Standard ML of New Jersey (or SML/NJ) is the language the project in CS 502 (grad-level Compilers) will be written in, so I thought it made sense to, you know, learn the language before I need to start working on the projects for the class. Knowing it will also help quite a bit later on in CS 456 (Programming Languages) when we switch over from C to it.

Anyway. SML/NJ is a nifty little (mostly) functional programming language. Even though I haven’t worked with functional languages before, I didn’t have much trouble picking up the basics. I managed to get through pretty much all of Elements of ML Programming by Jeffrey Ullman this weekend (though I merely flipped through the last section, on the specifics of ML syntax), which served as a pretty good introduction to the language.

Functional programming is fundamentally different from imperative languages (like C) and object-oriented languages (like C++ and Java mostly are). Briefly, in imperative languages, you do things by executing statements for their side effects, such as changing values in memory. The object-oriented languages I’ve used are pretty much the same, except they bundle things up into objects.

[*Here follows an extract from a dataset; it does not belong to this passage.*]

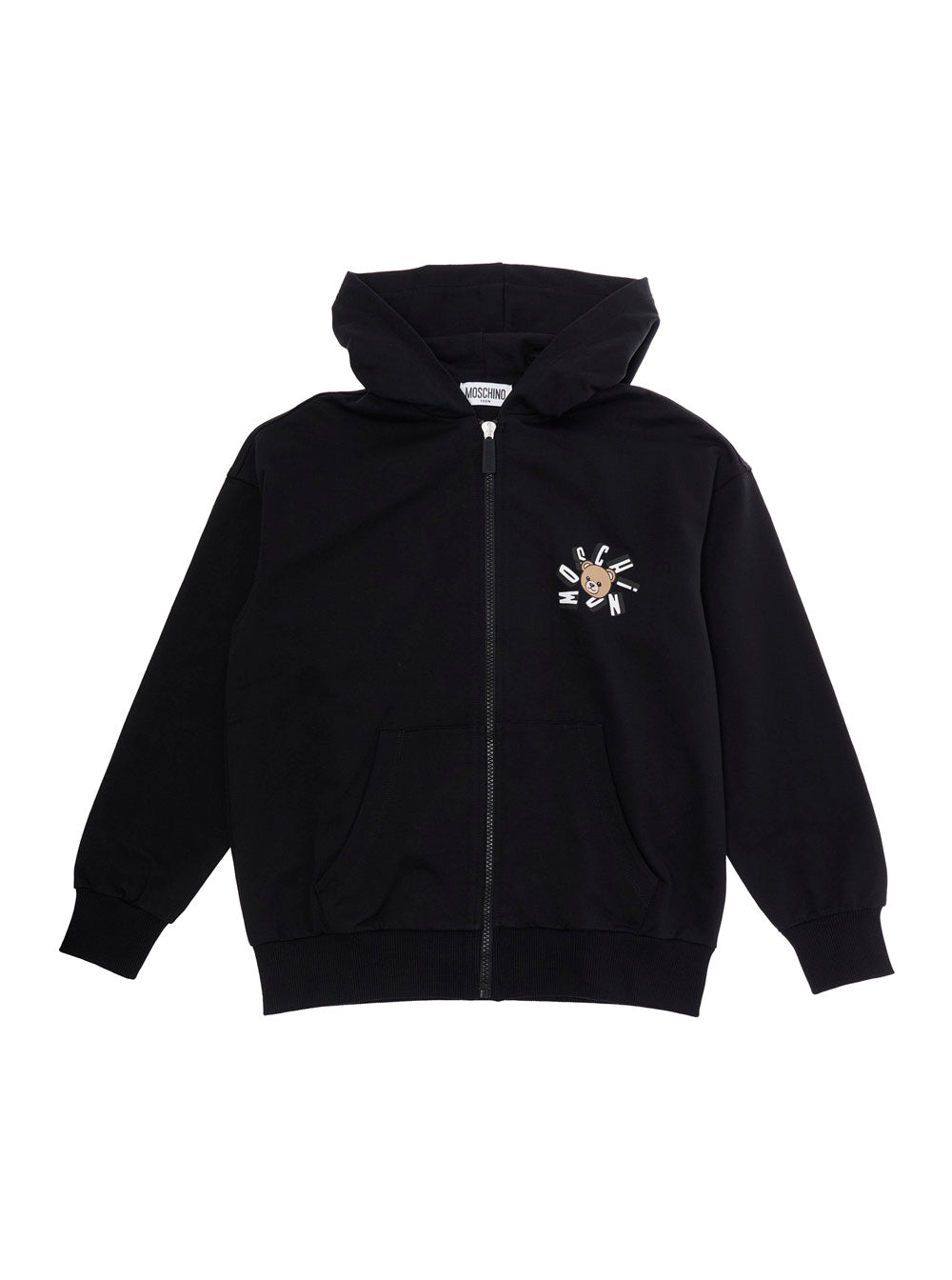 Black Hoodie with Fixed Hood and Front Logo for Kids Cotton Sweatshirts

Functional languages, on the other hand, get things done by evaluating expressions. Instead of looping and changing values in memory, you call functions recursively and create new values. Functions are all over the place and are more flexible than in imperative languages; functions can easily be passed to or returned from other functions, thus allowing you to construct new functions out of old ones at run time.

One of the features of SML/NJ that I really like is its pattern matching. Its case expressions are sort of like case statements in C, but instead of looking for particular values, you can look for structural patterns and decompose data into individual components easily. Even better, function calls are handled using pattern matching. Besides letting you write recursive functions in a really natural way, it pretty much eliminates the need for the visitor pattern you might use in C++ or Java to emulate polymorphic binding on function arguments. If our CS 352 (undergrad-level Compilers) project had used SML/NJ instead of Java, we could’ve eliminated entire classes and a bunch of indirection using this feature alone.

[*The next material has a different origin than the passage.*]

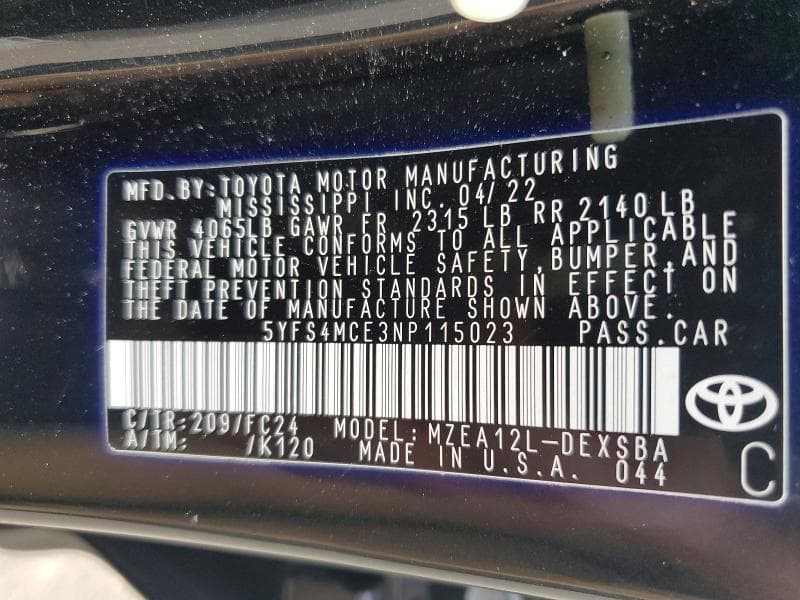 2022 TOYOTA COROLLA SE APEX 12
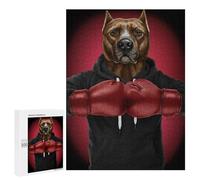 Jigsaw Puzzle for Adults 500 PCS Boxer Pit Bull Terrier Teenagers Puzzles Brain Teaser Game Analysis And Logic for Is Ideal As A Gift 500 PCS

The type system SML/NJ uses is also pretty neat. For one thing, most of the time the compiler can figure out what data type everything is without needing to label everything yourself. There’s also several nifty ways to construct new data types out of old ones; one of them is sort of a cross between enums and unions in C. With these special datatypes and pattern matching, you can do a lot of powerful stuff without a lot of code, and have it still be readable.

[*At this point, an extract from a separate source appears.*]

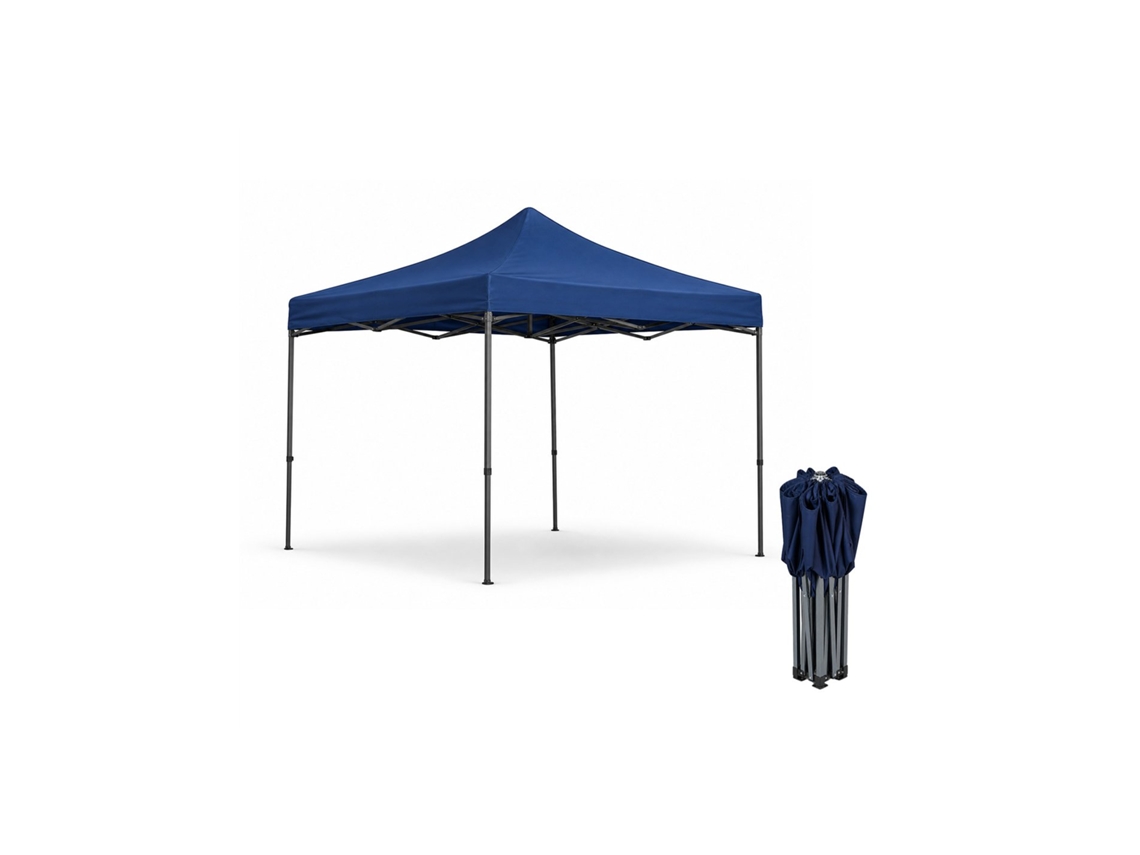 Cenador Plegable 3x3x3m  | Pergola, Carpa, Gazebo |  Acero Reforzado | Jardín, Terraza, Camping Y Playa Azul Oscuro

Of course, the true test of how much I like SML/NJ will come after I’ve spent a couple of months writing projects in it, instead of what are still largely just first impressions. Only time will tell.

3 Responses

  1. SML sounds like an evil bastard child of LISP and Prolog, with actual useful stuff thrown in. Huh.

  2. That could be. About all I know about LISP is that it has Lots of Irritating Silly Parentheses, which SML/NJ doesn’t have too big a problem with. The designers of SML also seem to have recognized that purely functional constructs aren’t always the way to go, and included support for mutable values (references and arrays) and iterative constructs (while loops).

  3. Modern versions of LISP sort-of have mutables (set-q) and some pseudo-iterative constructs (which can be emulated via lambda anyway).

    LISP’s syntax is messy because it was originally intended to be the internal compiled representation for a higher-level language, but somewhere along the line the LISP developers decided that the internal representation was good enough. I’d imagine that if they’d actually done the higher-level language it would have looked somewhat like Tcl (which, incidentally, is my favorite functional/imperative/OO-hybrid language).

Comments are closed.